Estudei num colégio católico. Não era um colégio de freiras, mas era
católico. E “A criação do Mundo” era o nome de minha cartilha da
alfabetização, ou do “pré”, como se diz até hoje por aqui. Todas a lições
começavam com “Deus criou...”; em seguida, o nome de um bicho cuja inicial era
a letra-tema da lição. Na primeira leitura, a gente já pegava o jeito. "Deus criou a Abelha" e quatro ases eram descartados ao lado da abelha sorridente. “Deus
criou a Baleia” e desembestava o “ba-be-bi-bo-bu” em cinco estilos de fontes. Nossos
dedos eram obrigados a decorar a lição para acompanhar, na mesma velocidade da
voz, a leitura. Aí é que o bicho pegava.
Eu sempre gaguejava. Nos animais e no terceiro par de sílabas em diante. Era “ba-baleia”,
“pe-perereca”, “ta-tatu”. E meu dedo gordo já estava lá na frente, na próxima sílaba.

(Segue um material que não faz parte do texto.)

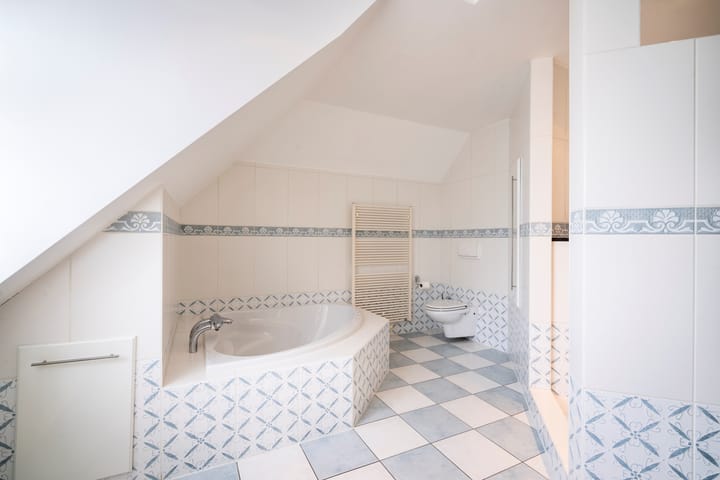 Foto 20 van Koning Albertlaan 97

Na leitura do “C”, que era a penúltima (antes do “Q”, igualmente complicado para
uma criança nessa fase, e depois do “Z” de “ze-zebu”), o animal escolhido foi o
“cururu”. Eu comecei:
— Deus criou o
Cu-cururu.
Pronto, não
consegui terminar. A turma era só gargalhadas. Pronunciar o “cu” já seria constrangedor,
todos sabiam. Imagina repetir a tal “sílaba proibida”? Antes de ser rebocado
para a secretaria, um camarão de tanto chorar, pude ouvir uma coleguinha perguntando:
— Pró, porque Ricardo gagueja?
— Ora, porque Deus o fez assim. — respondeu prontamente a professora,
como se tivesse decorado uma das lições da cartilha.
E eu, fechando o berreiro, pensei comigo mesmo: “Deus
criou o ga-gago”.
Primeira lição da cartilha "Este mundo Maravilhoso", de Eny Sarli e Esther Sarli. |
2 comentários:
Puts velho foi longe heim! Parabens, era isso mesmo naquela época! Kkkkk
Grande Yargo, meu brother, obrigado!